## Work order
Only these lines of the data below are wanted: the one with "The solar system is the", the one with "Two Rivers Ford", and any lines between them, each repeated exactly.

## Information shown
== Segment start ==
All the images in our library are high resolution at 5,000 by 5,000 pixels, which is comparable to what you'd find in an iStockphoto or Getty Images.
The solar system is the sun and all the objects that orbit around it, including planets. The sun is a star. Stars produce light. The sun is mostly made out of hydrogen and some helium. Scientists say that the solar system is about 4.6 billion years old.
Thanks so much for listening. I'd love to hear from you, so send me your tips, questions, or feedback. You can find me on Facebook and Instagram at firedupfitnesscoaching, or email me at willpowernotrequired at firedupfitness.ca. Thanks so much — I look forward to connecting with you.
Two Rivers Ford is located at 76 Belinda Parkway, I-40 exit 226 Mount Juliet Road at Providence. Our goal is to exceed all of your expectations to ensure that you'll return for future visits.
== Segment end ==
== Segment start ==
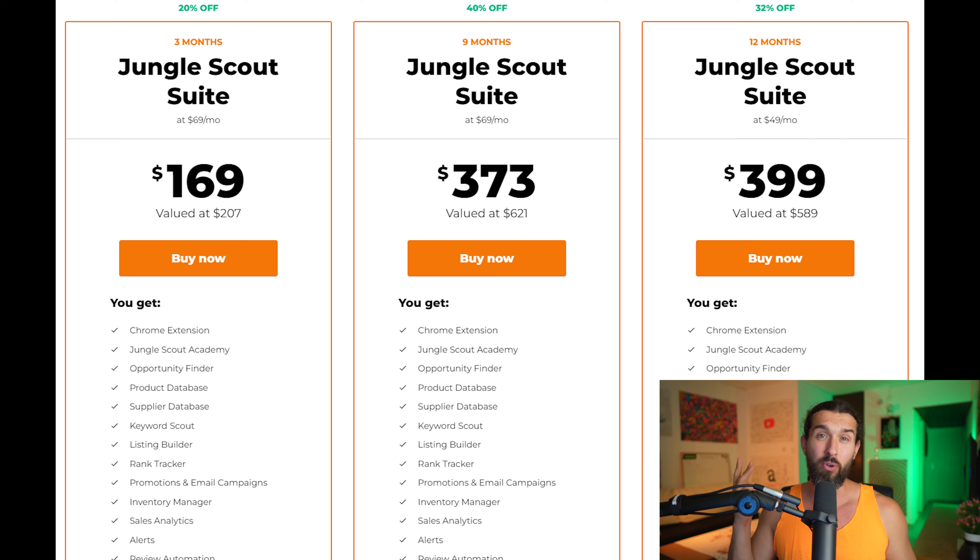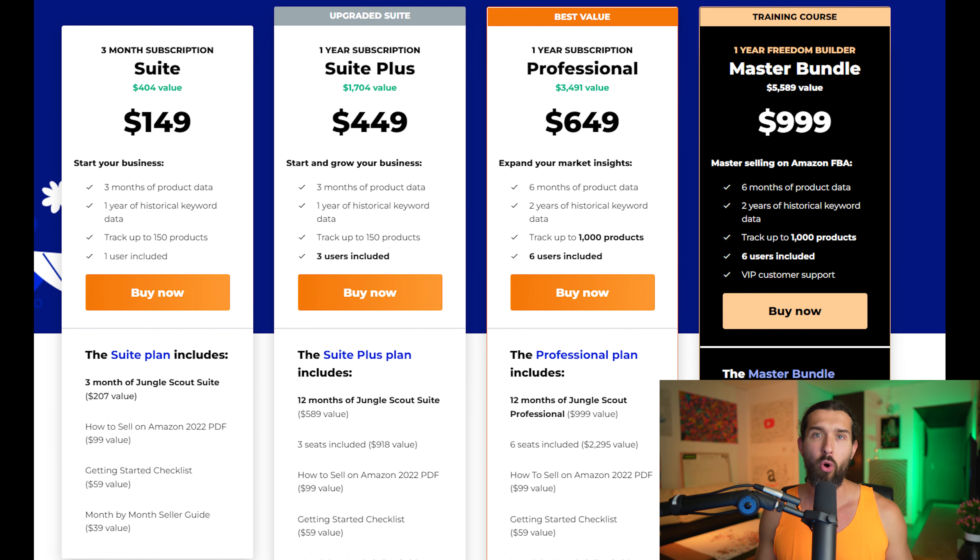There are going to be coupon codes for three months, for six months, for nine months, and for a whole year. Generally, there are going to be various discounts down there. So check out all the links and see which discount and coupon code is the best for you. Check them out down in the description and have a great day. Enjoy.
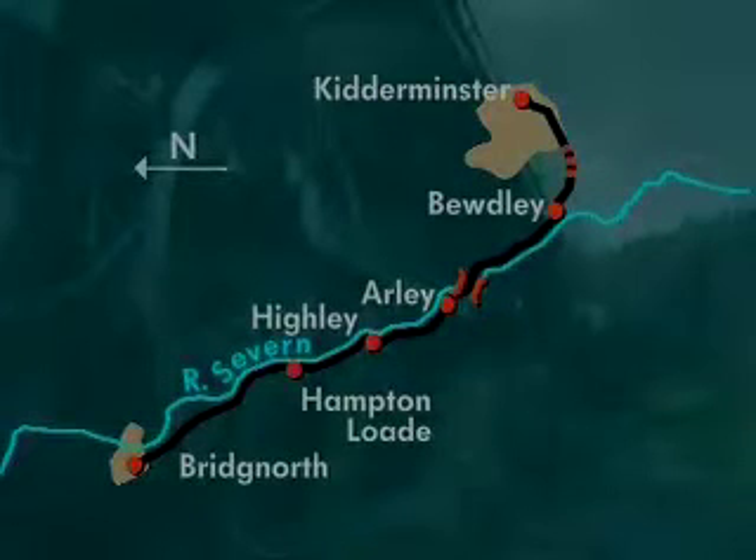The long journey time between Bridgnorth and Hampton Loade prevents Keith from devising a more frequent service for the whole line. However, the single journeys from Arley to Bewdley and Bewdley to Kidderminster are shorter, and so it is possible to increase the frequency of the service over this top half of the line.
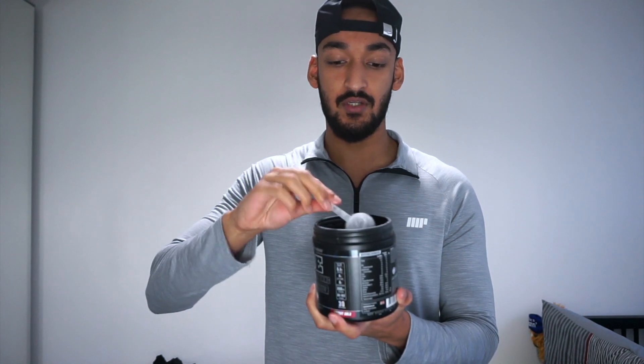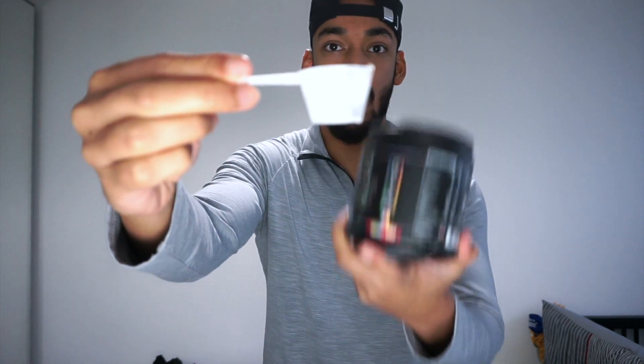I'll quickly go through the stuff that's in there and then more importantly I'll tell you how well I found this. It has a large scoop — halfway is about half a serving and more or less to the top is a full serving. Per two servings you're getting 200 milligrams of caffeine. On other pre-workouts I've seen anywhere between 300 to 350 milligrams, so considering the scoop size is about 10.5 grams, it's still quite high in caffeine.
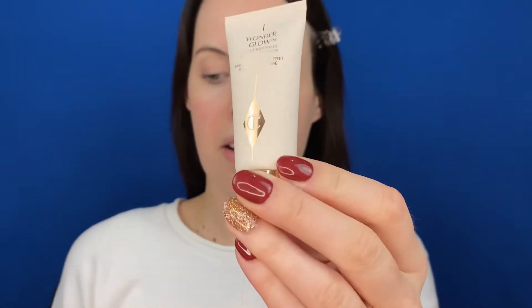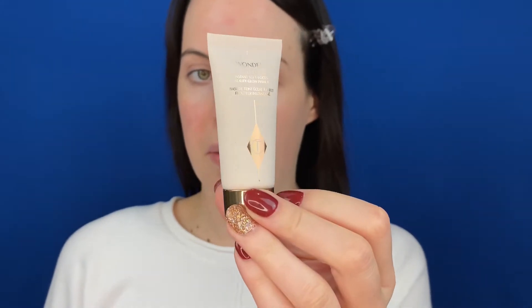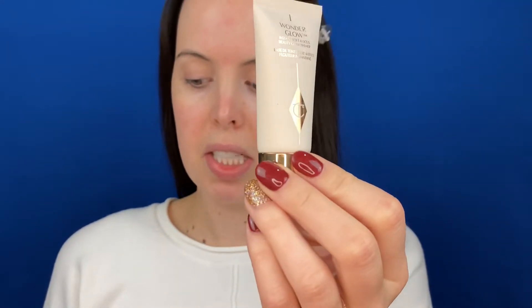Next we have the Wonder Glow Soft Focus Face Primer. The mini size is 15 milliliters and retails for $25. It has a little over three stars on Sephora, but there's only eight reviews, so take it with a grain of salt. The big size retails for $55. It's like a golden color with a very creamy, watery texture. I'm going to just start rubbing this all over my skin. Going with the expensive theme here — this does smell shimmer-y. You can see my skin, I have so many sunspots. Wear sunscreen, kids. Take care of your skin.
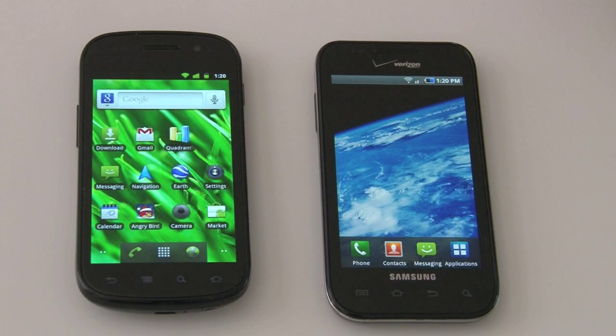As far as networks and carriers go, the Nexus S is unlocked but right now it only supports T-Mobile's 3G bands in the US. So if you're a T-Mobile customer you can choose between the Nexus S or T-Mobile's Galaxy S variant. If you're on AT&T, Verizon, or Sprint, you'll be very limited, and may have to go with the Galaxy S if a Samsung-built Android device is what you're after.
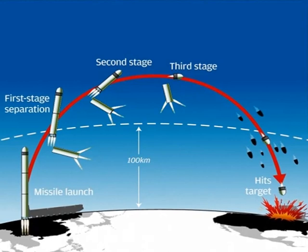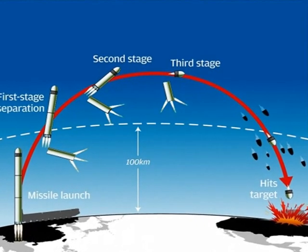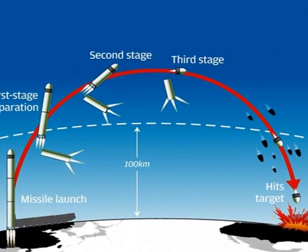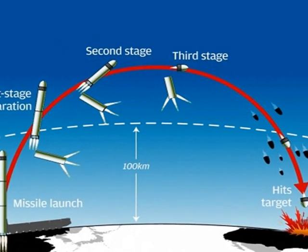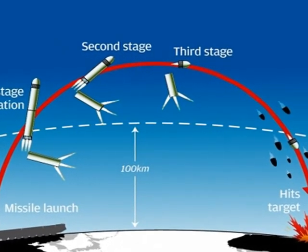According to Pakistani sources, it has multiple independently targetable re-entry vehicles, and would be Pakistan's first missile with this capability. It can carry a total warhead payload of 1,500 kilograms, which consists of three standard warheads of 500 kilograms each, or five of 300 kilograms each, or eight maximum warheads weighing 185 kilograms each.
== Segment end ==
## Solution for this task
The solar system is the sun and all the objects that orbit around it, including planets. The sun is a star. Stars produce light. The sun is mostly made out of hydrogen and some helium. Scientists say that the solar system is about 4.6 billion years old.
Thanks so much for listening. I'd love to hear from you, so send me your tips, questions, or feedback. You can find me on Facebook and Instagram at firedupfitnesscoaching, or email me at willpowernotrequired at firedupfitness.ca. Thanks so much — I look forward to connecting with you.
Two Rivers Ford is located at 76 Belinda Parkway, I-40 exit 226 Mount Juliet Road at Providence. Our goal is to exceed all of your expectations to ensure that you'll return for future visits.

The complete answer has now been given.